2. Problems of support groups
In May, 2020, a former comfort woman, Lee Yong-soo revealed the scandal of the Korean Council for the Women Drafted for Military Sexual Slavery by Japan (currently the Korean Council for Justice and Remembrance for the Issue of Military Sexual Slavery by Japan), which is the most influential support group for the comfort women issue in South Korea. Even before that, Park Yu-ha had already pointed out the problem of the Korean Council.
First, Park said, “The victims that the Korean Council refers to are limited to those who share ideas and actions with support groups.” and, “The leading role is played by a female activist, and the women who were in the field are nothing but supporting actors and extras.” In addition, “‘The movement’ forced them to exist as ‘a daughter of oppressed people’ rather than to improve their own lives,” and “as long as the promoters of the movement ‘embezzle’ the memories of comfort women, victim-centered approach is not there,” Park criticized severely.

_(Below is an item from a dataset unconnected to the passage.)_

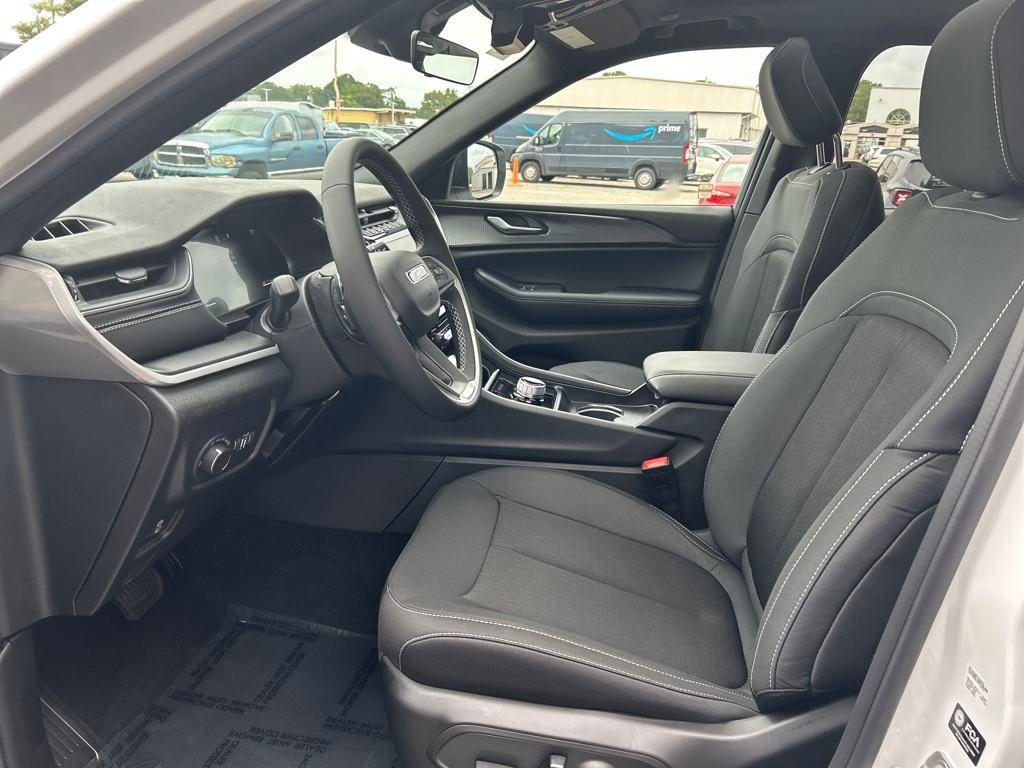 new 2025 Jeep Grand Cherokee car, priced at $35,820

Regarding the Korean Council’s claim characterizing the comfort women issue as ‘violence against women in conflict’, “it was effective for the success of the movement. At the same time, however, the understanding that the Korean comfort women were the ‘women in the colony’, which had been clearly recognized at the starting point of the movement, has been forgotten,” the author said. “Identifying the Japanese army as the only perpetrator of comfort women brought about a fatal contradiction in the movement. By limiting the target for criticism by the movement, which was originally ‘nations’ based on feminism and the post-colonialism, to the proper noun of ‘Japan’, it made it impossible for the comfort women issue to be treated as a universal issue of ‘men, nations and empires’. That is why you have not been aware for a long time that countries other than Japan, such as South Korea and the United States, cannot be innocent of this issue,” the author pointed out.

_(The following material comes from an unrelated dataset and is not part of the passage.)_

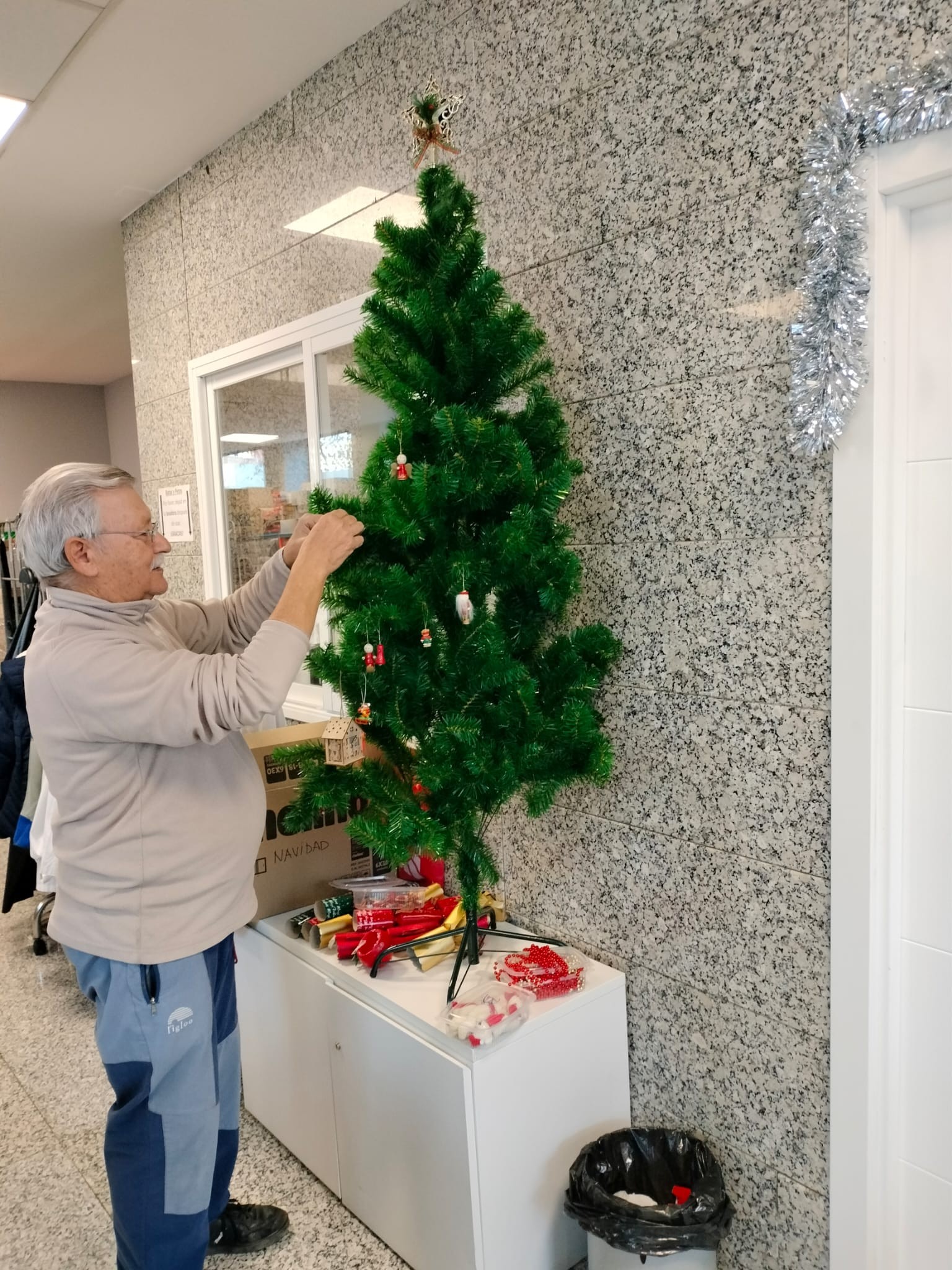 Adornando para preparar la Navidad en nuestro Centro Familiar Mensajeros de la Paz Villaverde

Professor Park said, “After liberation, South Korea has lived for nearly 70 years, erasing memories of cooperation and subordination to the former colonizing nation. By the same logic, South Korea could not accept the fact that some ‘comfort women’ chose the profession voluntarily.” “As a result of appealing as ‘universal human rights of women’, there are no ‘Korean comfort women’ in the comfort women issue in the world now. Despite the claim that ‘most of the comfort women were Koreans’, no one could talk about ‘why there were so many Koreans’. It can be said that they have settled in the social trend on human rights that does not raise questions to ‘victims.’” “The current world movement, asking former empire (US, UK, or Europe) to judge a crime of another former empire (Japan) in cooperation with a third empire (Netherlands) is just an irony,” mentioned Park.
She said, “The exchanges between South Korea and North Korea over the comfort women issue have been deepened by the collapse of the Cold War and a 10-year continuation of the leftist government in South Korea from the latter half of the 1990s.” “North Korea’s militarism has not been criticized.” “North Korea’s human rights issue was not questioned.” The author criticized by saying, “The Korean Council was also more interested in ‘changing the world by the left wing’ than solving ‘the comfort women issue.’” She analyzed, “It should be said that changes in Japan after the war were not taken into consideration at all, and that the debate over the comfort women issue based on such thoughts enraged the people who have been considered as ‘right wing’ by the movement.”
“The goal of the movement ‘to change the world’ was to intensify the left-right conflict and deepen the conflict between nations involving ordinary people without understanding the background of left-right conflict,” Park said. And then, she added, “The alliance between Japanese supporters and South Korea, in spite of their sense of justice and strong will, ended up forcing the comfort women to continue street demonstrations for more than 20 years. And this increased the number of people who dislike, give up on and lose interest in South Korea among the bureaucrats and ‘ordinary people’ who have been sincere in solving the issue as well as those who have been criticized by supporters as right-wingers.”
Professor Park stresses the need for true victim-centered approach by saying, “It is comfort women who will suffer from the pain caused by the split and confrontation between Japan and South Korea as well as between left and right-wingers.